Thousands of women in the beer business and female homebrewers are brewing together around the event, which falls on March 8, seeing it as a way to raise the profile of women in a male-dominated industry.
"There's a spot for everybody in brewing and especially in learning about brewing," said Emily Engdahl, executive director of the Pink Boots Society, a U.S. nonprofit that supports women in the brewing industry. "It's important we all help each other."
British brewer Sophie de Ronde began encouraging women to brew together on March 8 five years ago to promote female brewers and beer drinkers, and to draw others in.
It has grown globally, with about 160 breweries, homebrew clubs and other beer lovers in 12 countries hosting a free International Women's Collaboration Brew Day this year. The theme is exotic ingredients. They call their beer "Unite ."
The Pink Boots Society used to collaborate with de Ronde but now runs its own event to raise money for educational scholarships for its members and to comply with rules for nonprofits. More than 200 breweries are participating in the society's collaboration brew day, which is up from 115 last year.
Seeing the number of women getting involved is heartwarming, said de Ronde, head brewer at Burnt Mill Brewery in Suffolk, England.
"Having the unity of people brewing on the same day is wonderful," she said. "But having people get involved, no matter what the day is, is what the whole event is about, really."
The women's day brewing events are complementary, Engdahl said.
"It's a natural way for us to get together, share ideas and have a creative collaboration," she said. "And who doesn't want to make a beer that tastes great?"
Black Pond Brews in Danielson, Connecticut, hosted homebrewers and beer enthusiasts on Sunday for a Pink Boots event.
The industry benefits from bringing in more people with different ideas, said co-owner Mike Teed.
"It's dominated by white men. There's no question about it," he said. "Any way we can encourage any and all diversity, it's going to be better for all of us."

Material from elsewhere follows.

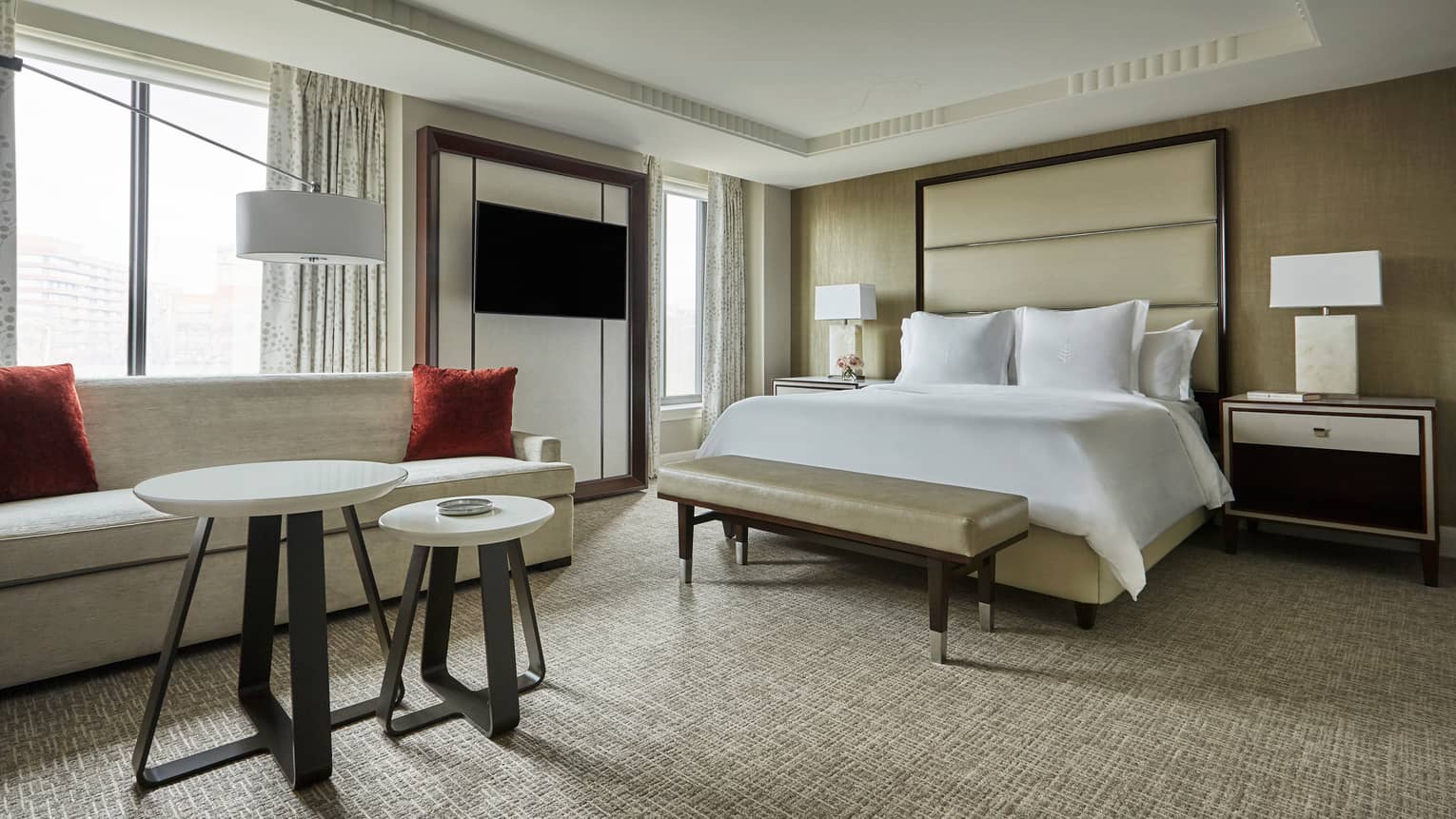 Grand Premier Room sofa with red accent pillows, tables in front of bench, bed, tall padded headboard beside picture windows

Studies in recent years have found that women hold about a quarter of brewery jobs in the United States.
About 20 people attended the Connecticut event. Shannon Jutras, president of the Quiet Corner Homebrew Club, said she is encouraging more women to brew as a hobby, which could eventually lead to more women seeking jobs in the industry and shattering the stereotype that it's a manual job for men only.
"To have a room full of women, all eager and interested, who were developing a little bit of confidence to maybe try this independently, was not just exciting for me, it was a little emotional," she said. "It was the first time we've gotten that many women in the room."

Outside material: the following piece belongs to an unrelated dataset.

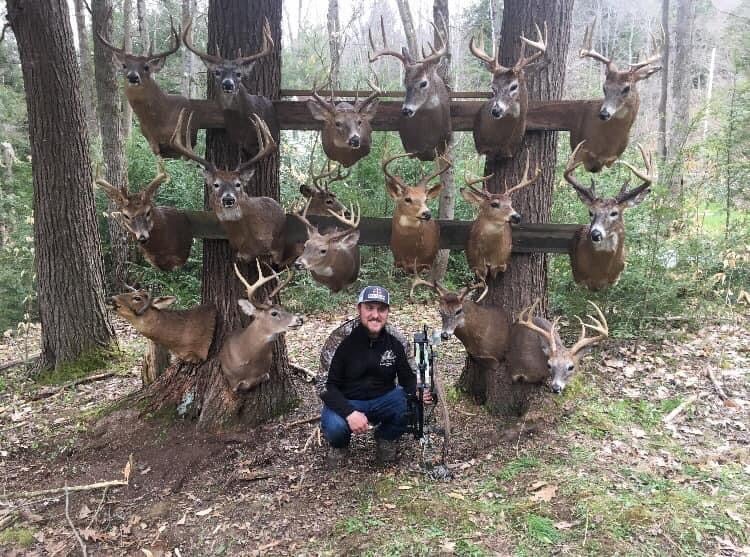 photo of hunter with whitetail deer mounts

Most of the breweries working with Pink Boots are in the United States, with 40 events in California alone and about 25 more in Massachusetts. There are participants in nine other countries, with the most in Canada and Brazil.
They're using a blend of hops created for the brew day to make various beer styles. Both women and men, Pink Boots members and nonmembers, can brew for the day. Many events take place Thursday.